Le Luxembourg a besoin de l’immigration ne serait‑ce que pour des raisons démographiques, et celle‑ci n’a jusqu’à présent jamais conduit à des problèmes culturels, selon l'élu CSV. Il a toutefois donné raison à Fred Keup sur un point : dans certaines professions, notamment dans le secteur de la santé, un certain niveau de connaissances en luxembourgeois est nécessaire. Où en est donc le plan national du vivre ensemble ?
La députée DP Mandy Minella a souligné qu’au Luxembourg, ces dernières années, de nombreuses initiatives ont été mises en œuvre, tant au niveau national que communal, afin de renforcer l’intégration.
"Soutenues par le ministère de la Famille, de plus en plus de communes misent sur des initiatives concrètes dans le cadre du pacte communal. La commune de Betzdorf s’est par exemple engagée le 9 février, aux côtés de 52 autres communes, à faciliter l’accès à l’information, à renforcer la vie associative et à encourager les gens à s’impliquer."
Elle a également insisté sur le fait que le multilinguisme constitue une richesse pour le Luxembourg.

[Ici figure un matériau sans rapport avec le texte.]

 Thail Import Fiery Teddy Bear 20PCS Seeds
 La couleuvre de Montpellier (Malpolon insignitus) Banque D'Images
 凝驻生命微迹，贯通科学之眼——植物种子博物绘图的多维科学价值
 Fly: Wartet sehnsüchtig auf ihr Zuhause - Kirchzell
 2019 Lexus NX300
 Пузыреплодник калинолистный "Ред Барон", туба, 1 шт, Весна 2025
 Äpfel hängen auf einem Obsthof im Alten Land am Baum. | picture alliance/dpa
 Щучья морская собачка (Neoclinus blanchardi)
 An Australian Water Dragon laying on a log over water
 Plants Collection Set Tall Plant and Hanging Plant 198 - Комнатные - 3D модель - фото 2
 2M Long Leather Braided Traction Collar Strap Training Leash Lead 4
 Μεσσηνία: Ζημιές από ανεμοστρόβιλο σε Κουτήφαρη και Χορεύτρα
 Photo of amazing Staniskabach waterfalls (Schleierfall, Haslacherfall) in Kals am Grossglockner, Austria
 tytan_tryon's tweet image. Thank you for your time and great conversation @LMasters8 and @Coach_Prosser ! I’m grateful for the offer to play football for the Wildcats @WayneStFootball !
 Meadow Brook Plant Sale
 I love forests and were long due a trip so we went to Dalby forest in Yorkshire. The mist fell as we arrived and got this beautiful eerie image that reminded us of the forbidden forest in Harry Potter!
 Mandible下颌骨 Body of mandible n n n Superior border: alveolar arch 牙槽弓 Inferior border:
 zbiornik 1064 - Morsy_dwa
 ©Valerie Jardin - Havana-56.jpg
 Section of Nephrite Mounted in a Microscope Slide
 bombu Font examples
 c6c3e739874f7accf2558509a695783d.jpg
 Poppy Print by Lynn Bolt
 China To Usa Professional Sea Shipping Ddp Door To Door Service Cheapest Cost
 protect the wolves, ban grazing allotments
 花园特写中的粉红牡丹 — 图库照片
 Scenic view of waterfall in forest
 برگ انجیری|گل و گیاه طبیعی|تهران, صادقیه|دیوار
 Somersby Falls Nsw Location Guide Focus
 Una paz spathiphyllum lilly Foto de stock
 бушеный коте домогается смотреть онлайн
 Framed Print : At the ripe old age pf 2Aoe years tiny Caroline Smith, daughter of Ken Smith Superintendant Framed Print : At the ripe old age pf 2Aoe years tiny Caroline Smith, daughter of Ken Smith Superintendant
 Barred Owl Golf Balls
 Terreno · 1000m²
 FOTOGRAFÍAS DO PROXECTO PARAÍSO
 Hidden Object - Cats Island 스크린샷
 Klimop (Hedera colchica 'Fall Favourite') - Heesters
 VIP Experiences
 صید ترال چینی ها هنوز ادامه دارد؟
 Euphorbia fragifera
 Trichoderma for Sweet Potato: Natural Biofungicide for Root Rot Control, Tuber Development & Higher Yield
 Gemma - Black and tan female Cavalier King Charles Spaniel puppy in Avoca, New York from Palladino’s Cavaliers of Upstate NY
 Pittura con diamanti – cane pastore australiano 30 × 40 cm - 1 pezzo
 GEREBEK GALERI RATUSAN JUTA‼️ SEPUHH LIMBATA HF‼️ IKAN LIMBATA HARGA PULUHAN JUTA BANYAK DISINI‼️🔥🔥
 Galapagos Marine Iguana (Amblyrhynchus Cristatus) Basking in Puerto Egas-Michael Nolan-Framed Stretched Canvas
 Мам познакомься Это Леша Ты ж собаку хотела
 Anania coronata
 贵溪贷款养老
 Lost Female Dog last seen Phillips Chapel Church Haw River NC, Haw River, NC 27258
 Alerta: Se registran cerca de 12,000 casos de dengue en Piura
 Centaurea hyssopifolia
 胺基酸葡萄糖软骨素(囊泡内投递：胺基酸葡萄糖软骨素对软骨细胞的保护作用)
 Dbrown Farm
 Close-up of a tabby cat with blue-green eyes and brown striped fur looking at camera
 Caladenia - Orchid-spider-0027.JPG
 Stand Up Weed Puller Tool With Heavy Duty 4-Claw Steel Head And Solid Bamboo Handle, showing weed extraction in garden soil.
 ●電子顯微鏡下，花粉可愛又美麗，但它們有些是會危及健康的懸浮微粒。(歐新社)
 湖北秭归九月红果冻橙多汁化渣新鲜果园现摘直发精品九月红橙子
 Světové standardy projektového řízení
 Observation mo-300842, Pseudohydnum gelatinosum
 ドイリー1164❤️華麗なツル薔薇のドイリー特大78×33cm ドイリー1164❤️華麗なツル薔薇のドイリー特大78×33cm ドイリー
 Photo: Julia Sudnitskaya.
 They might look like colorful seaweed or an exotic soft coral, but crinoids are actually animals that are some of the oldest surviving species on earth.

L'élue socialiste Liz Braz a reproché à l’ADR de ne pas avoir présenté, dans de nombreux domaines, des mesures concrètes en faveur d’une meilleure intégration. Cela tiendrait sans doute aussi au fait que ce parti ne serait, en réalité, pas véritablement intéressé par cette question.
"Vous voulez dire aux gens comment ils doivent vivre, mais sans leur accorder les droits nécessaires pour pouvoir aussi s’impliquer politiquement et faire entendre leur voix dans le processus démocratique. Ici, vos statistiques favorites, selon lesquelles un résident sur deux est étranger, semblent vous laisser plutôt indifférent."
L’intégration est importante, mais on constate aussi que les défis dans ce domaine deviennent de plus en plus importants. La langue est certes un facteur essentiel, mais loin d’être le seul à contribuer à une intégration réussie. Une autre condition déterminante est par exemple l’accès au logement.
Djuna Bernard, élue des Verts, a pour sa part critiqué le terme même d’ intégration, estimant qu’il véhiculerait l’idée d’une norme à laquelle les personnes nouvellement arrivées devraient se conformer. Selon elle, il vaudrait mieux parler de vivre‑ensemble.
Marc Goergen, député du parti Pirate, a demandé que le marché du travail soit ouvert immédiatement à tout le monde, car c’est là que l’intégration se réalise le mieux et que chacun peut ainsi contribuer en même temps à la richesse du pays. Il a toutefois ajouté que les communes pourraient faire davantage d’efforts pour rendre la langue luxembourgeoise plus perceptible, par exemple sur leur site Internet.